Das USMCA soll darüber hinaus US-Farmern einen besseren Zugang zum kanadischen Milchmarkt verschaffen, von dem sie nach eigenem Bekunden bisher faktisch ausgeschlossen sind. Dazu ändert Kanada sein strenges Quotensystem. Umgekehrt setzte die Regierung in Ottawa durch, dass kanadische Firmen aus einer ganzen Reihe von Branchen weiterhin ein unabhängiges Schiedsgericht anrufen können, wenn sie sich in einem der Partnerländer Dumpingvorwürfen ausgesetzt sehen. Damit will Ottawa vor allem die eigene Holzindustrie schützen, über die US-Konkurrenten immer wieder klagen. Unterhändler der künftigen mexikanischen Regierung erreichten, dass das Land die Kontrolle über die eigenen Öl-Vorkommen behält. Kritiker hatten befürchtet, dass US-Konzerne die Liberalisierungspolitik der scheidenden Regierung nutzen könnten, um sich besonders lukrative Ölfelder unter den Nagel zu reißen.
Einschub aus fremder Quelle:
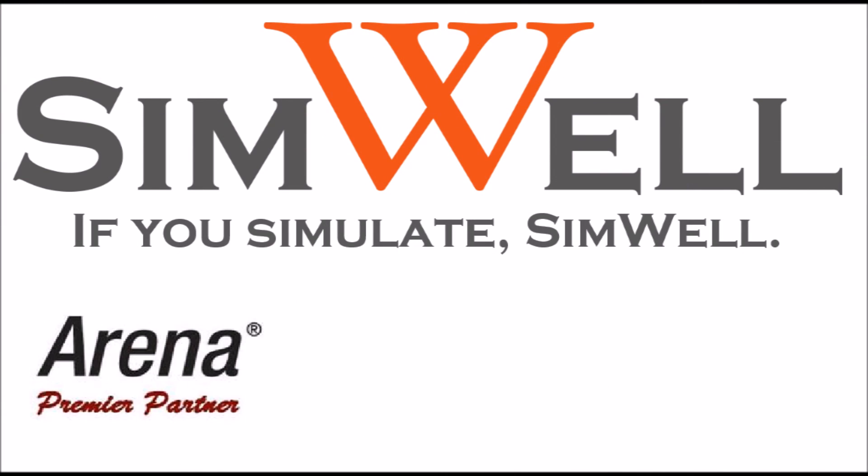Thank you for watching. Simwell is an Arena Premier Partner. We provide consulting, training, coaching, and support. And remember, if you simulate, Simwell.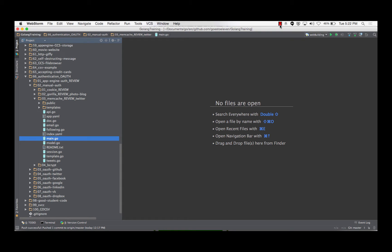We're going to hold off on Memcache until the next deal, but Memcache is basically the Twitter example, and this is huge.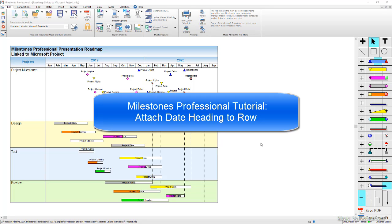I'm Dan Elder from Kedasa Software Support. Welcome to this tutorial video about Milestones Professional. This tutorial covers attaching a date heading to a row inside your Milestones Professional schedule.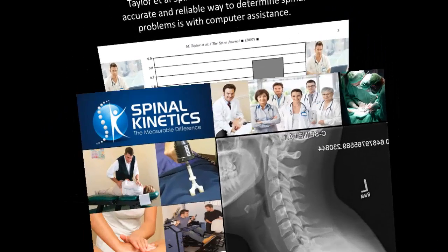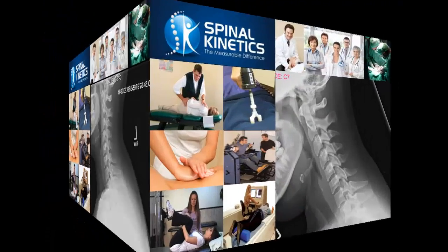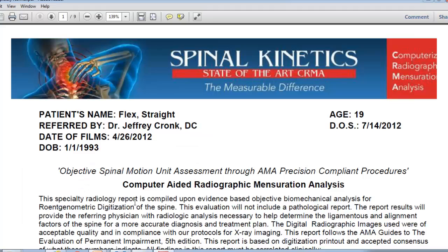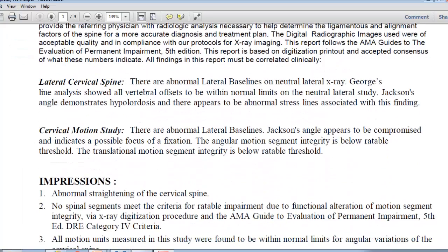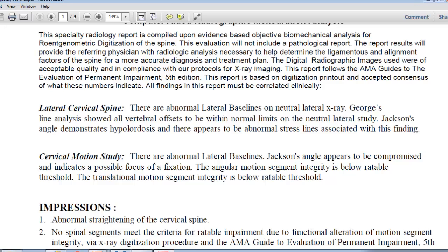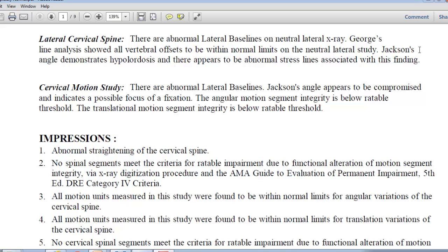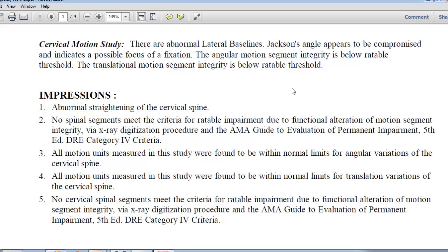Looking at a normal neutral, a flexion, and an extension x-ray, we pull up the report and drop down to the lateral cervical spine. We see there's no break in George's line and everything is below rateable. There's no significant joint laxity. Going into the impressions section, all angular and translation findings are within normal limits — this is a Grade 1 sprain finding on radiograph.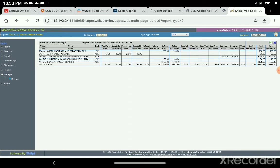You can get the franchisee report where you can see the total brokerage generated and your total share. Thank you.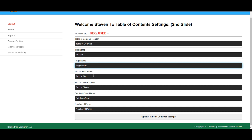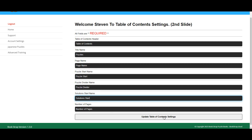page name, puzzle start, puzzle divider, solution start, and the number of pages. So all is filled in correctly.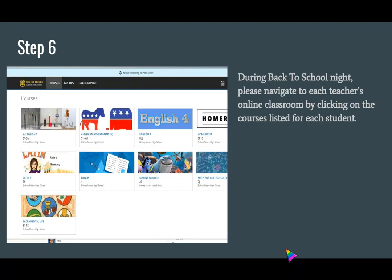Once you've logged in during Back to School Night, you'll be navigating to each teacher's online classroom by clicking on the courses listed for each student. You can find their courses in the upper left-hand part of the screen, between the words BishopMoore and Groups. So you'll click on Courses.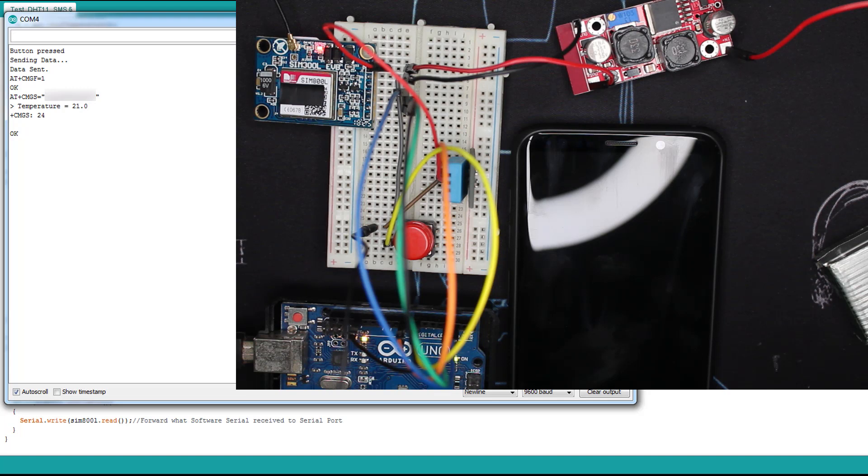You can do whatever you want, choose whatever triggers your SMS sending. Here I did the general case which is the push button. That's it for today.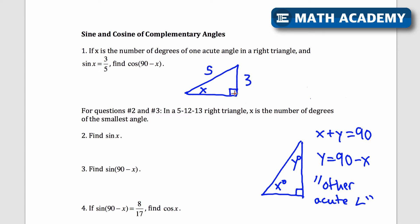That's going to be a 3-4-5 right triangle. You can use the Pythagorean theorem: 3 squared plus 4 squared equals 5 squared. So I'll fill this out and know all the side lengths. I need to find the cosine of 90 minus x — that would be this other angle. The cosine of that angle is adjacent over hypotenuse, which is also going to be 3 over 5.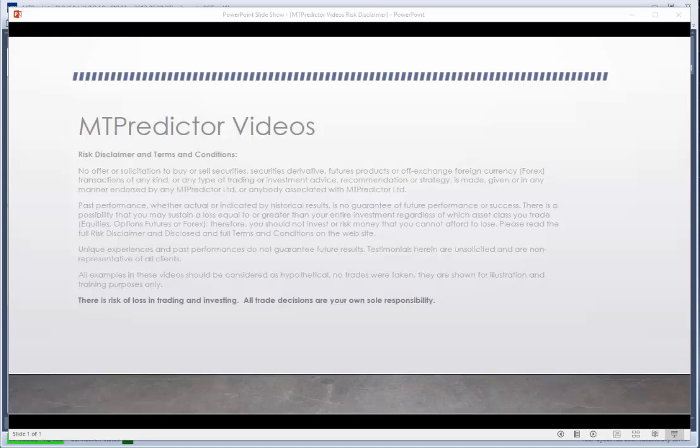Hi everybody, Steve Griffiths here, developer of the MT Predictor software program. In today's MT Predictor video, I'd like to look at a good example of how to use MT Predictor, in this case it was on the US market, it was on the ES yesterday. But before we start looking at the chart, let's just have a look at our risk disclaimer.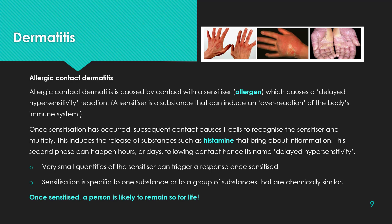The second type is allergic contact dermatitis. Allergic contact dermatitis is caused by contact with a sensitizer — i.e. an allergen — which causes a delayed hypersensitivity reaction. A sensitizer is a substance that can induce an overreaction of the body's immune system. Once sensitization has occurred, subsequent contact causes T-cells to recognize the sensitizer and multiply. This induces the release of substances such as histamine that bring about inflammation. This second phase can happen hours or days following contact, hence its name 'delayed hypersensitivity.' Very small quantities of the sensitizer can trigger a response once sensitized, and sensitization is specific to one substance or to a group of chemically similar substances. Once sensitized, a person is likely to remain so for life.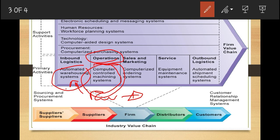In a value chain model, the introduction or use of information technology is for specific activities, unlike the Porter's model which was very generic and general. This value chain model is for specific activities, as we have seen in inbound logistics activities and in operations activities.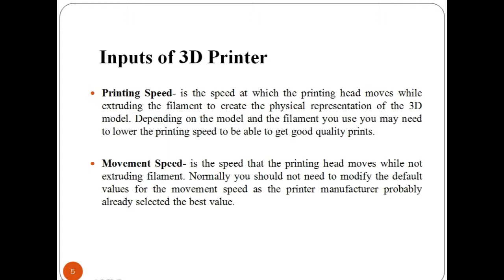Movement speed is the speed that the printing head moves while not extruding filament. Normally, you should not need to modify the default values for the movement speed as the printer manufacturer probably already selected the best value.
Die drei Präsidenten finden das Abkommen gut - Kanadas Milchviehalter protestieren

Trump bezeichnete das überarbeitete Handelsabkommen als "wunderbare" und "historische" Vereinbarung, die "die vielen Mängel und Fehler von Nafta beseitigt, Märkte für unsere Landwirte und Industrieunternehmen in großem Stil öffnet, Handelsbarrieren für die USA beseitigt und alle drei beteiligten großen Nationen im Wettbewerb mit dem Rest der Welt eint". "Glückwunsch an Mexiko und Kanada", schrieb der Präsident im Kurzmitteilungsdienst Twitter. Während die Reaktionen aus der Wirtschaft zunächst zurückhaltend ausfielen, zollten Globalisierungskritiker wie die eher linksgerichtete Verbraucherschutzorgansisation Public Citizen Trump Lob. Das ist im laufenden Kongresswahlkampf für die oppositionellen Demokraten durchaus ein Alarmsignal.
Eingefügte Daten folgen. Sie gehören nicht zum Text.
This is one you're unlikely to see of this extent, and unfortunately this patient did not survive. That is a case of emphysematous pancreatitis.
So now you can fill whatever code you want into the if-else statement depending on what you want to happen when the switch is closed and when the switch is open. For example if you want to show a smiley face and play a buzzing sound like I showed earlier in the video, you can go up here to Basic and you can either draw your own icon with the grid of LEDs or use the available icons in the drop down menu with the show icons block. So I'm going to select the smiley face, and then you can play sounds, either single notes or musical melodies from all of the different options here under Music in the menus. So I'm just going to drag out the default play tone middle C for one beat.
Kanadas Premier Justin Trudeau und Mexikos Außenminister Luis Videgaray sprachen von einem guten Tag für ihre Länder - eine Sicht, die die Vereinigung der kanadischen Milchviehhalter umgehend zurückwies. "Wir können nicht erkennen, was an dieser Vereinbarung gut für die 220 000 kanadischen Familien sein soll, deren Lebensgrundlage Molkereiprodukte sind", erklärte der Verband.

Die deutsche Wirtschaft hofft nun auf ein Abkommen auch zwischen der EU und den USA, befürchtet allerdings zugleich eine stärkere Abschottung Nordamerikas. Die Börsen reagierten erleichtert. Sie hatten befürchtet, dass der Streit in schwächere bilaterale Verträge münden und globale Lieferketten beeinträchtigen könnte.